While some people may see the Japanese adult adoption as wrong or just plain weird, studies have found that it is a very effective way of keeping family businesses healthy over long periods of time. According to The New Economy, “adopting highly qualified adults to head family businesses has the triple effect of displacing untalented blood heirs, eliciting better performance from managers who stand to be placed on a fast-track to ownership by becoming an adopted son, and encouraging proactivity among blood heirs who live under constant threat of being replaced by a ‘superior’ adopted son. These internal pressures to excel translate into serious investment dollars.”

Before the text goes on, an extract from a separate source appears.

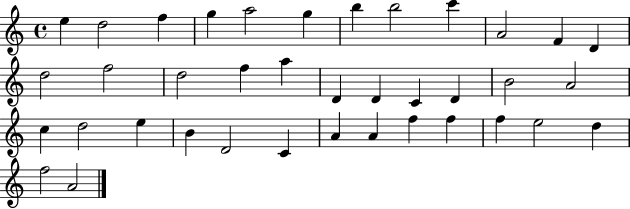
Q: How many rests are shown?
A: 0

Today, there are a host of matchmaking companies and marriage consultants specializing in recruiting adult adoptees for Japanese companies. “There is definitely demand because the birth rate in Japan has been falling and many parents just have a daughter,” says Chieko Date, the founder of a matchmaking site for woman looking for husbands willing to get adopted by their families. “And many men are looking for opportunities to use their business skills outside the corporate world because in this economy, climbing up the corporate ladder is much harder.”
Photo: Slideshare
Prospective voluntary adoptees obviously have a lot to gain from this as well. Not only are they awarded a high executive honor, but their families are often rewarded with large sums of money for accepting that their heir give up the family name and take on that of the adopters. It’s a good business deal, especially for families with multiple male heirs.
“I see no problem in changing my family name because I see it as a nickname given by the government for the family registry,” says Tsunemaru Tanaka, who signed up for Date’s website. “I am confident that my skills can be useful so if there is a chance for me to inherit a family business and make it successful, that would be good for everyone.”
But while many Japanese families turn to adult adoption as a pragmatic way of preserving their name and legacy, child adoption in the country is almost taboo. “It’s an incredibly sad situation,” Eriko Takahashi, Program Director of Disability and Social Welfare at Nippon Foundation, told Tokyo Weekly. “In Japan roughly 39,000 kids are in care right now; however, only around 300 adoptions are arranged through the child advisory services annually. Then there are about 100 through private bodies. It is nowhere near enough.”
And when they do decide to adopt children, Hajime Youji claims that it is almost never a complete stranger’s child. “It’s always a case of adoption from relative with too many kids,” he writes on Quora.